Because the pdf is concise and therefore dense, it can be quite hard, at a glance, to understand all the points relating to the adjoint method. I recommend looking at the youtube channel Machine Learning & Simulation and his excellent explanation on the adjoint method playlist.
The PDF by Dr. Bradley is more general and applies to Differential Algebraic Equations (DAEs) while the YouTube videos is the adjoint method focused on Explicitely represented ODEs (i.e. can be expressed in the form \(\dfrac{dy}{dt}=f(y,t)\) . For this post we’ll work with the latter type of ODEs
I wrote this notebook to help me learn how the adjoint methods works as well as bridge the gap between these two sources of information.

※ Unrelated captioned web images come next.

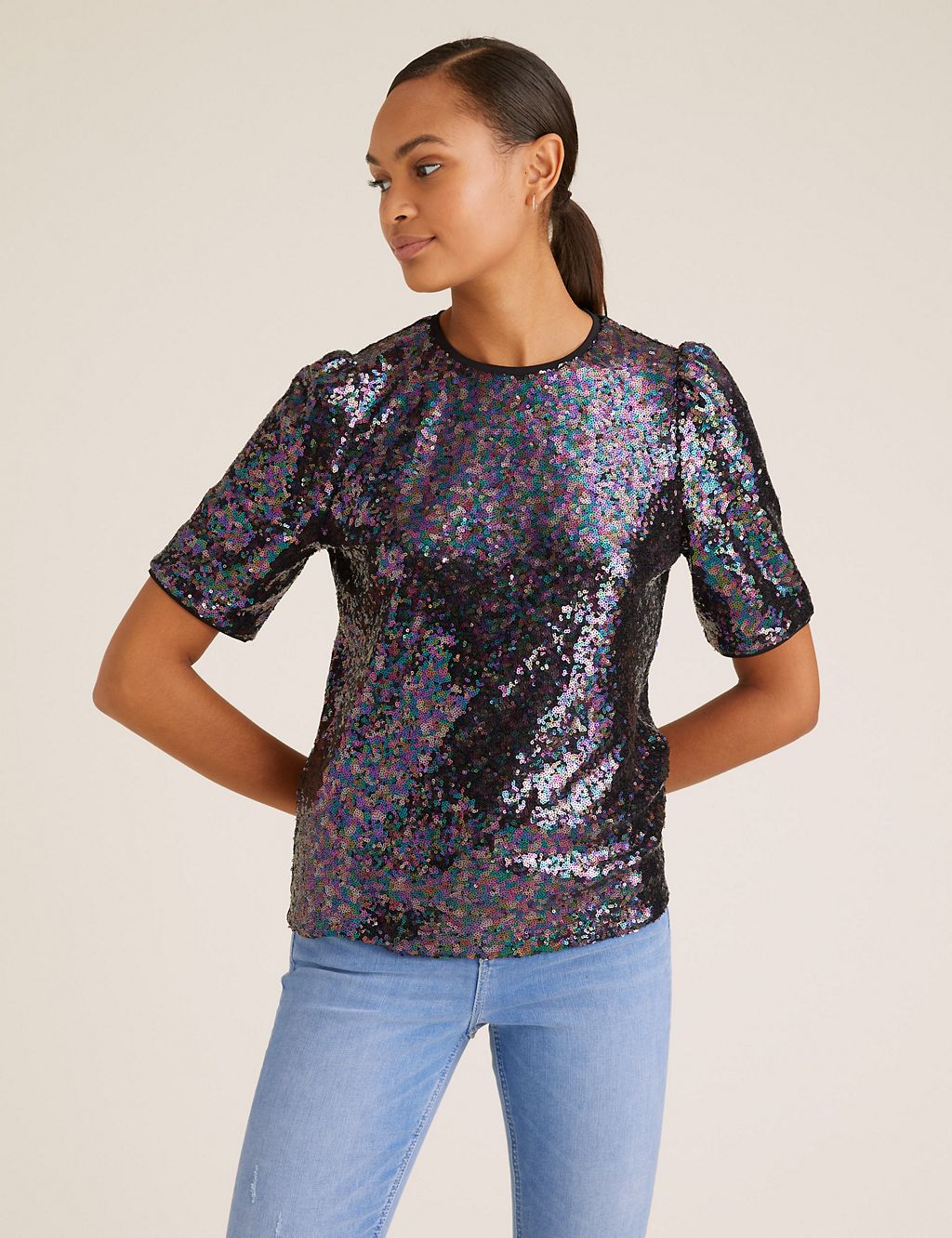 Sequin Crew Neck Short Sleeve Top | M&S Collection | M&S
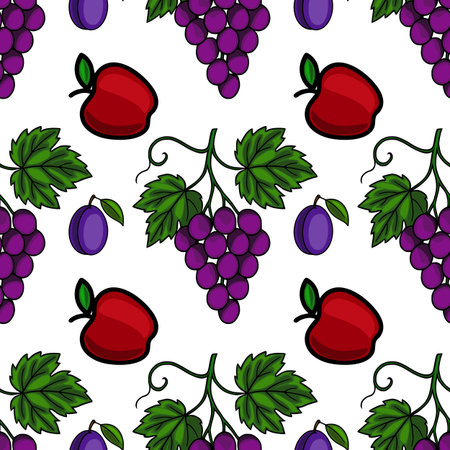 Seamless vector pattern of hand-drawn red apples, purple grapes, and plums on a white background, creating a vibrant and cheerful fruit design.のイラスト素材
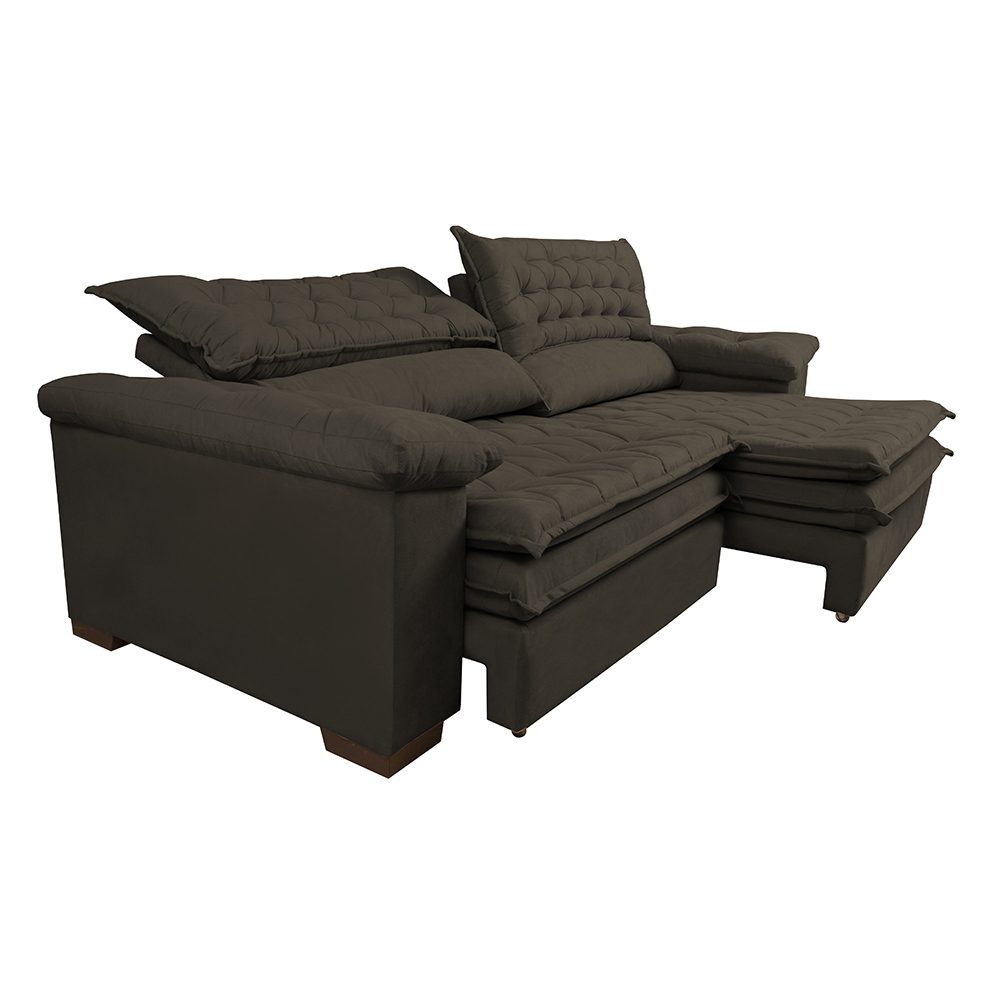 Sofá Retrátil e Reclinável Molas Ensacadas Cama inBox Botonê 2,12m Espuma Viscoelástico Suede Café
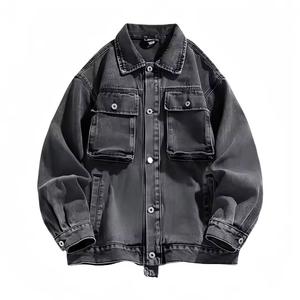 Chaqueta vaquera de invierno cuadrada recortada de gran tamaño para hombre de alta calidad, ropa de calle transpirable de secado rápido, estilo Vintage desgastado cubierto - Product Image 3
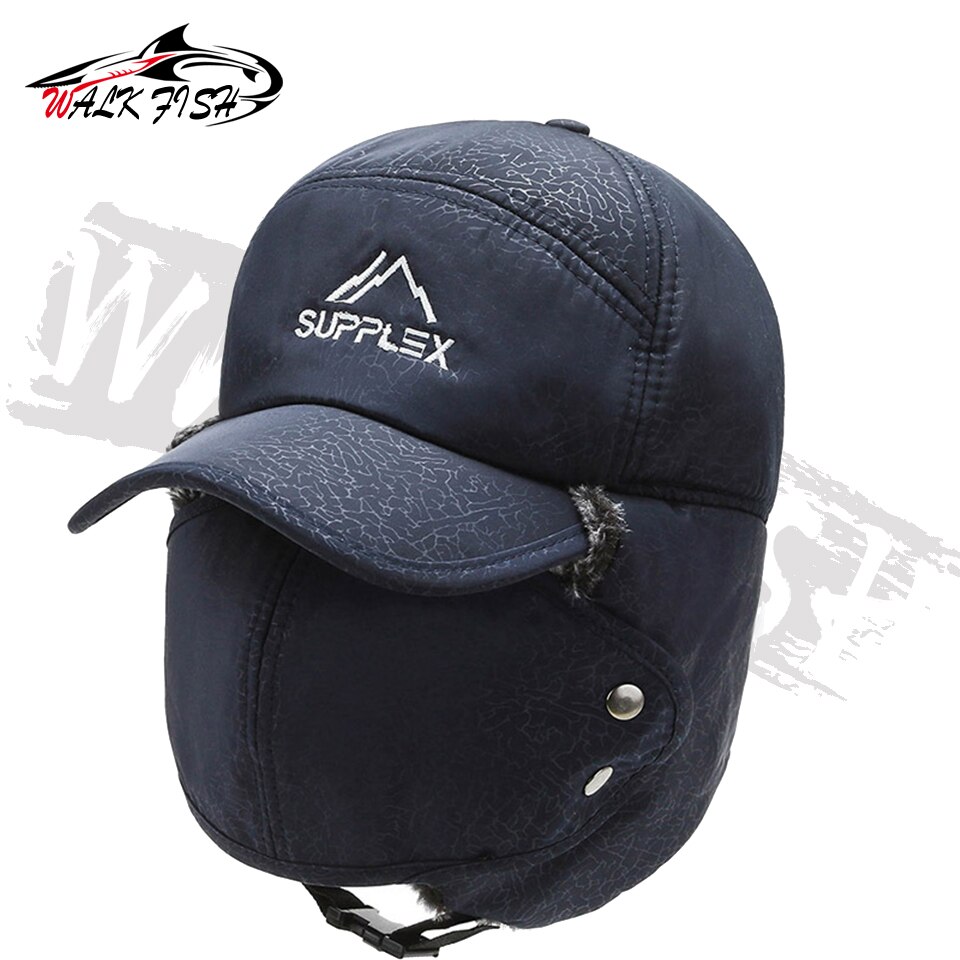 chodzić ryba czapka wędkarska zima ciepły mężczyźni Lei Feng czapka ochrona słuchu wiatroszczelna wodoodporna czapka narciarska aksamitna gruby odkryty kapelusz wędkarski: rodzaj C-niebieski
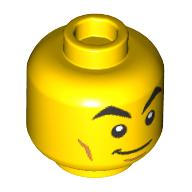 Lego Minifig Head Cyber Rider, Big Eyebrows, Smile / Silver Glasses (Visor) print / Yellow
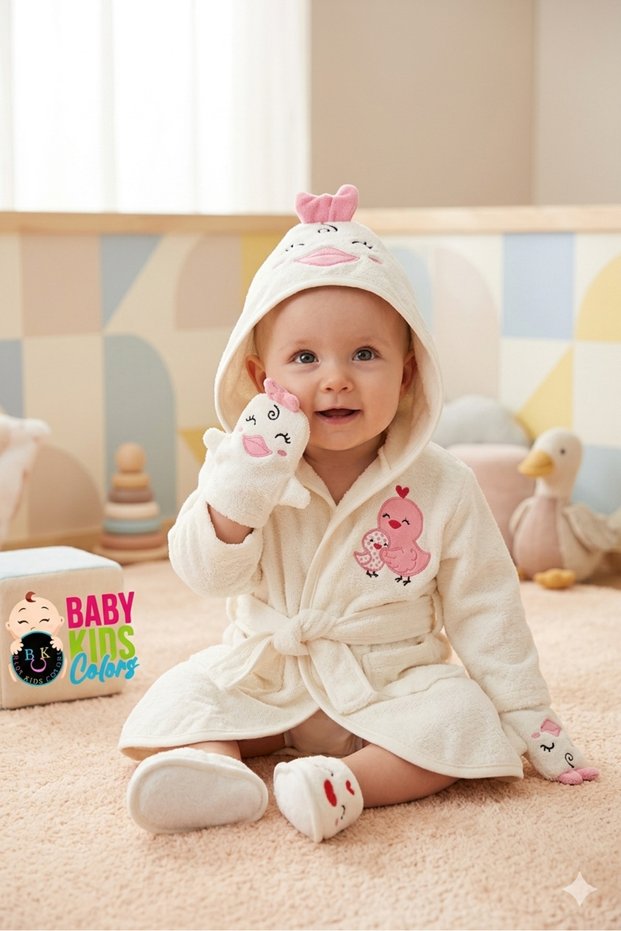 Boxed 4 Piece Chick Hooded 100% Cotton Baby Bathrobe Set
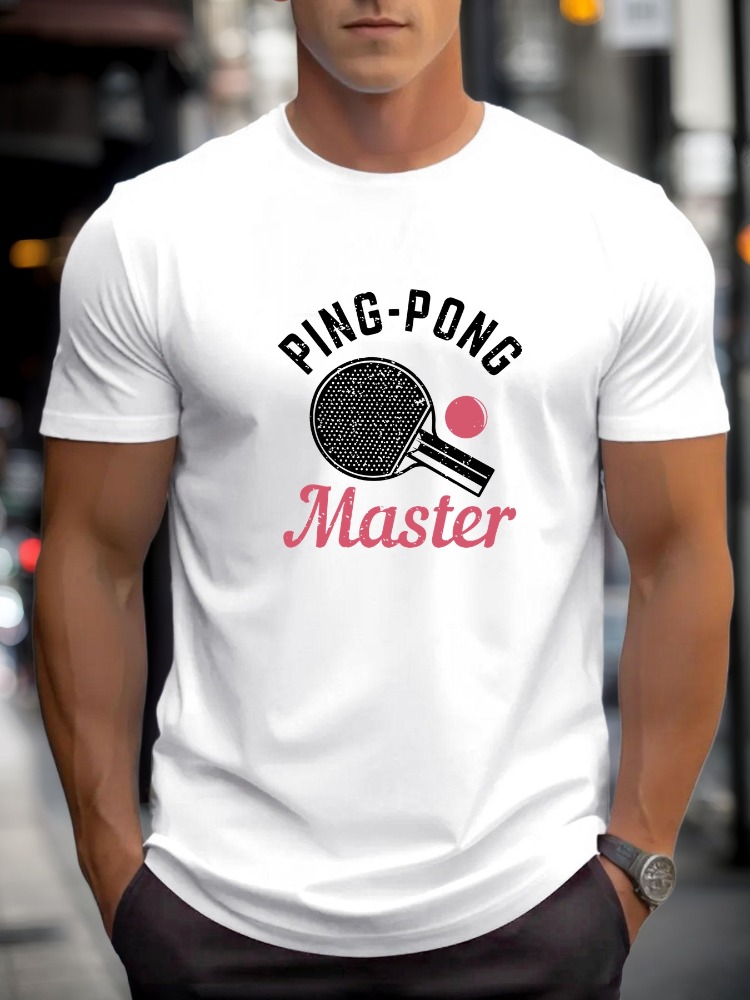 メンズ Tシャツ ピンポンマスター卓球グラフィックアートプリ - Table Tennis Graphics のレビューと価格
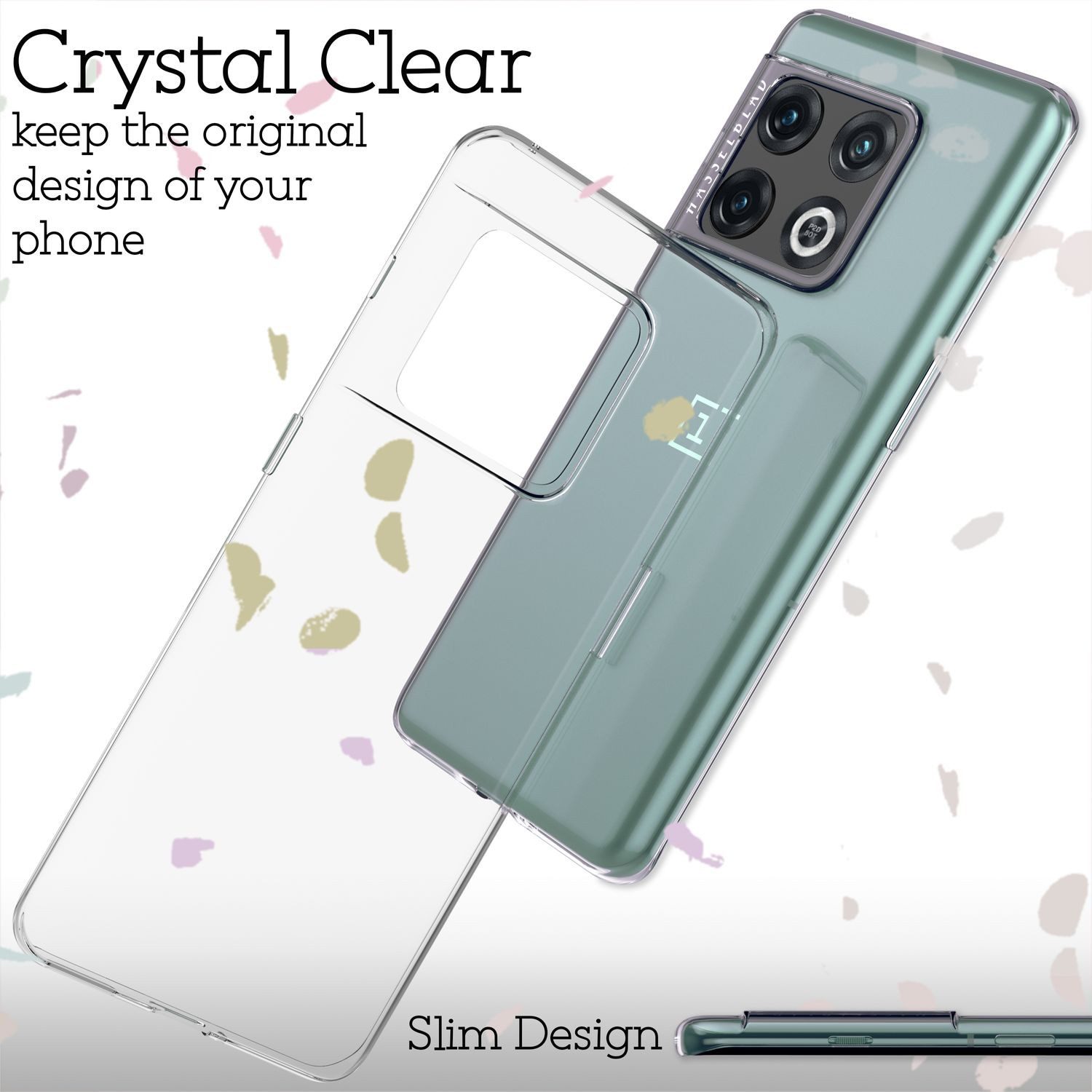 Nalia Smartphone-Hülle OnePlus 10 Pro 17 cm (6,7 Zoll), GLAZE Case - Transparentes Silikon, Anti-Watermark & Schlank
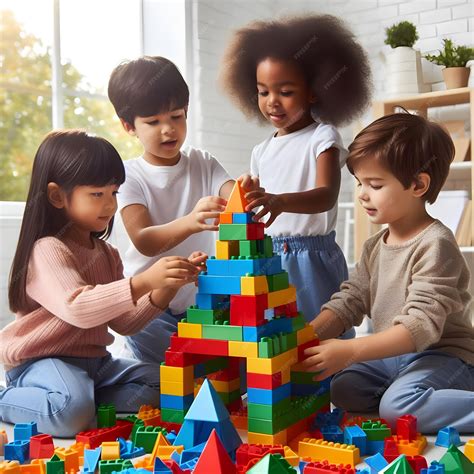Diverse group of toddlers engaged in play activities in a spacious room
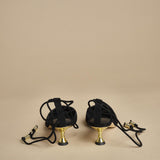 decolté in suede con lacci alla caviglia ODESSA 50 F887SDE BLK studio AMELIA 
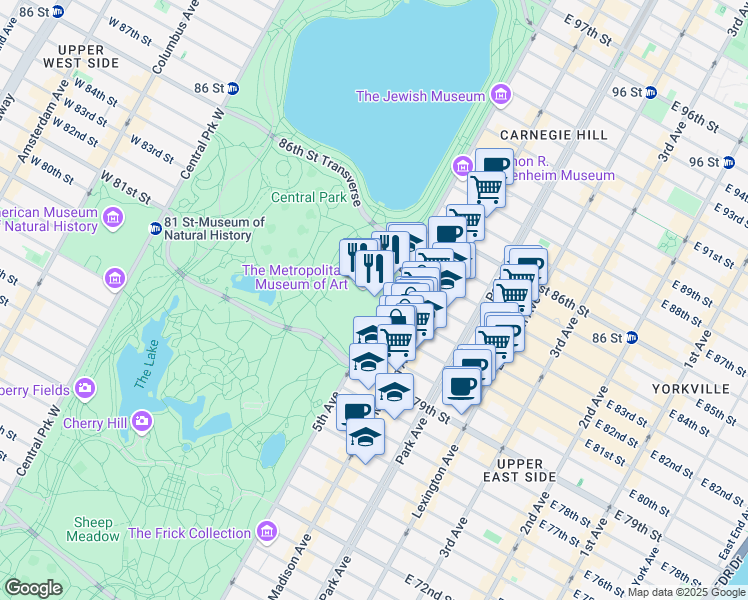 map of restaurants, bars, coffee shops, grocery stores, and more near 1000 Museum Mile in New York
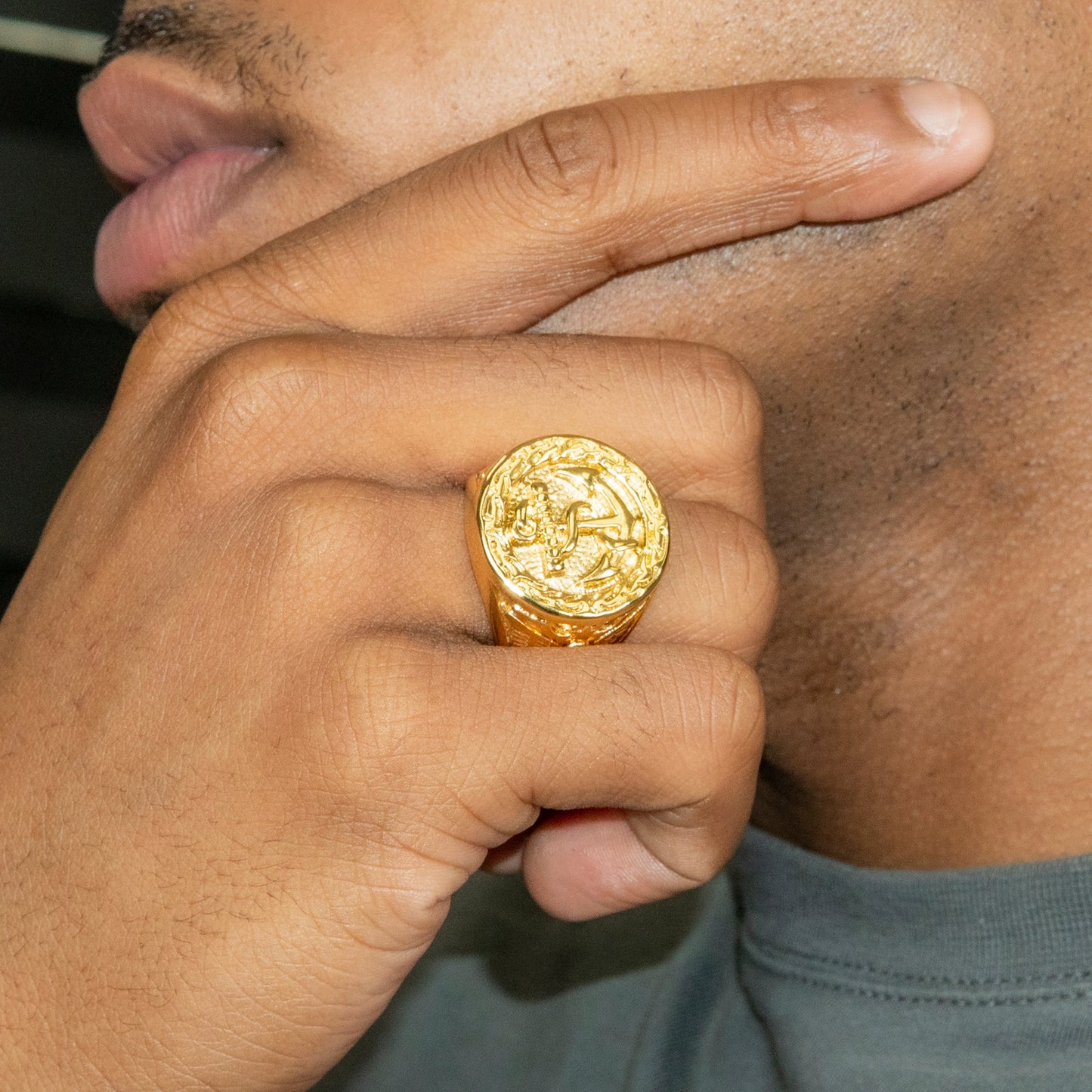 Mens Jewelry - Round Anchor Gold Pinky Ring | 20 Grams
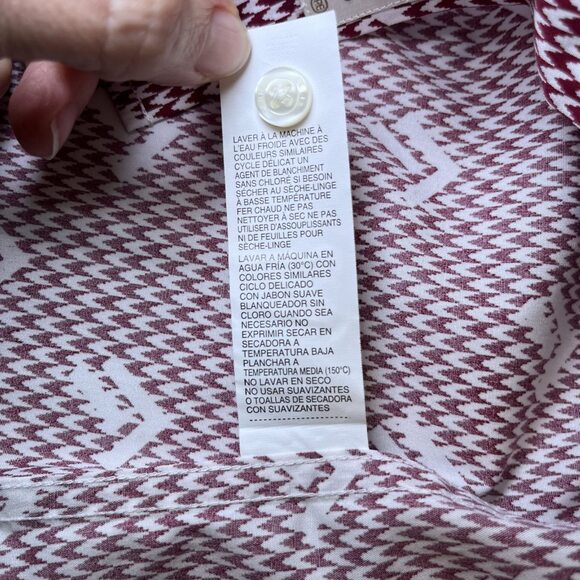 Perry Ellis SLIM FIT short sleeve button down shirt cotton maroon white mens L - Picture 7 of 12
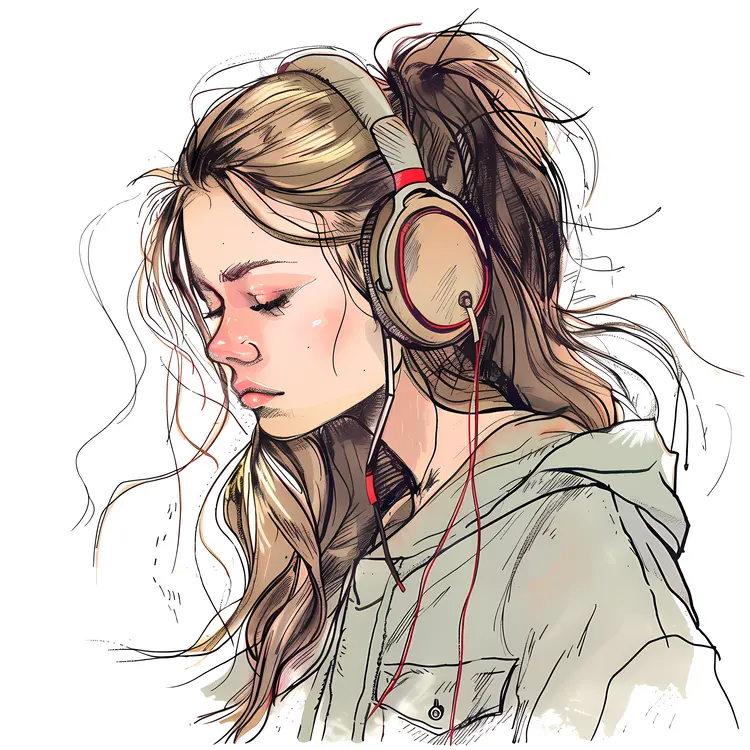 Girl with Brown Headphones Listening to Music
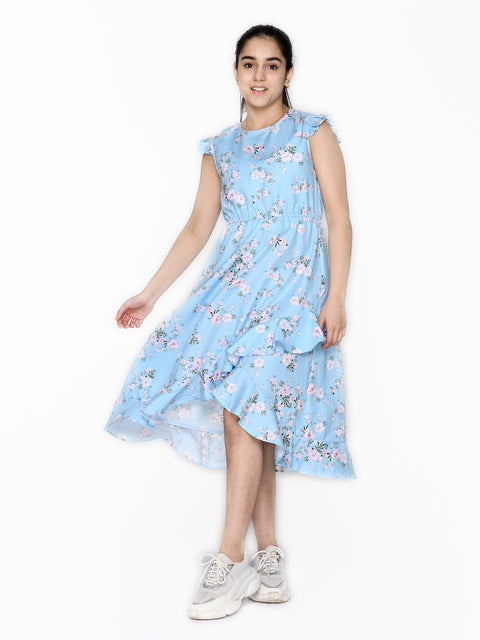 Saka Designs Blue Girl'S Knee Length Dress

If you wish to understand why each step is performed in the method please look at the links above.
This was written with Python 3.9+ and jax. No GPU is required to run this notebook.
Adjoint Method:
Suppose we have a system that can be represented as a system of explicit ODEs parametised by parameters \(p\) i.e. can be represented in the form
\[\dfrac{dy}{dt} = f(y,t;p)\]That evolves from time \(t=0\) to time \(T\) . Suppose we also have some target object \(F\) (This could be minimisation of cost or distance to a target) that is dependent on some parameters \(p\) If we took the example of trying to aim a trebuchet at a target, \(F\) might be some measure of how close we are to the target while \(p\) might be our intial angle and launch speed.
We want to know how we should best change our parameters to improve our objective. To do so, we need to to calculate \(\dfrac{dF}{dp}\) and then use gradient descent to optimise our objective. To do so we have to calculate the following scary looking equation:
\[\dfrac{dF}{dp} = (\lambda^T\ \partial_{\dot{x}}h)|_{t=0}\ \partial_{x}g^{-1}|_{t=0}\ g_p + \int_0^T (\partial_pf+\lambda^T\partial_ph) \mathrm{d}t\]Using the adjoint method we can solve this using a forward pass (i.e. direct solve) and then the backwards adjoint solve.
- Forward Solve ODE
- Standard solve of inital system of ODEs from \(t=0\) to \(t=T\)
- Backward Solve Adjoint Solution
- Solve the following ODE \(\dot{\lambda} = \partial_xf^T + (\partial_xh)^T\lambda\) from \(t=T\) to \(t=0\)
- Calculate \(\dfrac{dF}{dp}\) using terms calculated from forward and backward pass
- Update parameters via gradient descent ( \(\gamma\) is chosen step size) : \(p_{i+1} = p_i - \gamma \dfrac{dF}{dp}\)
Example
The example we look at, has an analytic solution to check the code at each step. It is from Dr Bradley’s pdf
The Optimisation Problem is as follows:
\[\begin{split} \min \int_0^T x \ \mathrm{d}t \\ \mathrm{s.t}\quad \dot{x}= bx \\ x(0) - a =0 \end{split}\]WE can think of this as finding the function x(t) that gives the smallest area given the ODE by changing the parameters a and b
Here the analytical solution of this ODE is : \(x(t) = ae^{bt}\) so our challenge is to find the combination of a and b such that the area under \(x(t) = ae^{bt}\) is minimized.
Note that all stages of this method has an analytical method so you can check the results if you want to try this on your own.
We define the following:
- x : vector of state variables (can also be sometimes called y or u)
- t : independent variable (usually time)
- p : vector representing all parameters
- f : measure of ‘goodness’ such as MSE
- g : is the relationship between the the state and parameters e.g. initial conditions
- h : is the ODE in implicit form
- F : Overall Objective Function across time T
- T : final time So from the problem above we define the following
Our Goal is to find \(\dfrac{dF}{dp}\)i.e. the gradients/sensitivies to change our parameters to improve our objective function.